Wie funktioniert Erinnerung?: Fotoalbum mit Babyfotos in SchwarzWeiß
© Victoria Denisova / Shutterstock
Unser Gedächtnis neigt dazu, uns Streiche zu spielen – wir vergessen wichtige Dinge, reden Vergangenes schön, und manchmal mischen sich Erinnerungen mit bloßen Vorstellungen. Warum das so ist, weiß Psychologin Julia Shaw. 

BRIGITTE WIR: Frau Shaw, ich war vor Kurzem bei Ihrer Lesung, rechts neben mir saß ein mittelalter Mann. Heute versuche ich, mich genauer an ihn zu erinnern – Fehlanzeige. Muss ich mir Sorgen um mein Gedächtnis machen? 

Julia Shaw: Nein, Erinnern hat mit Aufmerksamkeit zu tun. Wenn wir eine Information oder ein Erlebnis wichtig genug finden, speichern wir es in unserem Gedächtnis ab. Ihr Aufmerksamkeitsfokus war offenbar woanders.

Hätte er einen Schnauzer getragen, könnte ich mich besser an ihn erinnern?

Falls Männer mit Schnauzer für Sie eine besondere Relevanz haben, dann ja.

In welchem Areal des Gehirns werden unsere Erinnerungen gespeichert?

Überall, weil ganz unterschiedliche Bereiche, also neuronale Netzwerke, betroffen sind. Erinnerungen sind multisensorisch, das heißt, sie sprechen verschiedene Sinne an. Der Ort im Gehirn, der zuständig ist für Gerüche, hätte zum Beispiel das Rasierwasser Ihres Nachbarn abgespeichert, wenn es für Sie irgendwie auffällig gewesen wäre. Genauso verhält es sich mit dem Sehen, Hören, Schmecken und Tasten – auch dafür gibt es bestimmte neuronale Netzwerke.

Und was passiert dort, wenn wir auf eine Erinnerung zurückgreifen möchten?

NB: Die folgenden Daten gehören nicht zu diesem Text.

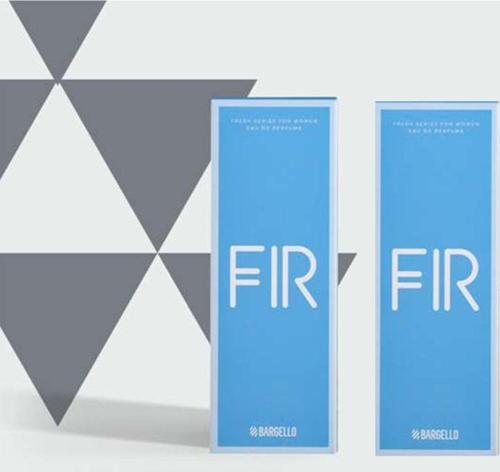 BAYAN PARFÜM 385 FRESH 50 ML EDP 198658695019 2x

Man schickt eine Art Suchsignal ans Gehirn: Finde mir diesen Begriff oder jenen Urlaub, den ich letztes Jahr in der Türkei verbracht habe. Wenn alles gut geht, wird man mit den für diese Erinnerung zuständigen Netzwerken verbunden.

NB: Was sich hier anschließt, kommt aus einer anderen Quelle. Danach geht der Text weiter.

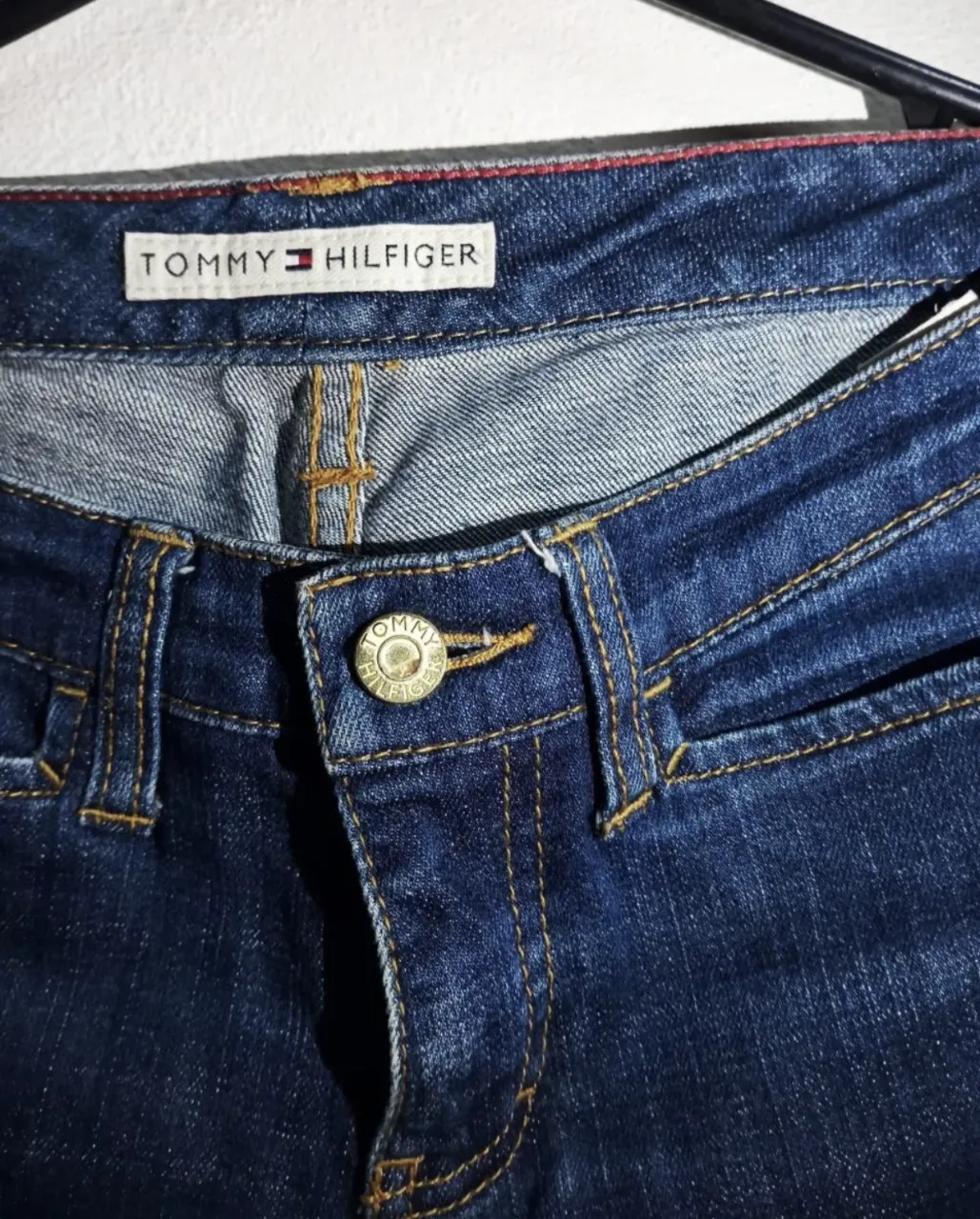Jean Tommy Hilfiger - imagen 3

Warum kann ich mich nicht an meinen Kinderwagen oder meinen ersten Geburtstag erinnern?

Das Gehirn von Babys und Kleinkindern ist zu klein, um solche Eindrücke nachhaltig zu speichern. Hinzu kommt, dass Babys nicht selektiv wahrnehmen, alles strömt ungefiltert auf sie ein, in ihrem Kopf ist ein großes Durcheinander. Erst etwas ältere Kinder, etwa ab dem dritten Lebensjahr, können priorisieren, also etwas als für sie wichtig wahrnehmen und dann zu Erinnerungen verarbeiten, die auch im Erwachsenenleben noch abrufbar sind. Das betrifft zumindest unser autobiografisches Gedächtnis, das für unsere individuellen Erlebnisse zuständig ist. Beim Erwerb von Wissen, wenn es etwa um das Erlernen von Sprache geht, ist das anders.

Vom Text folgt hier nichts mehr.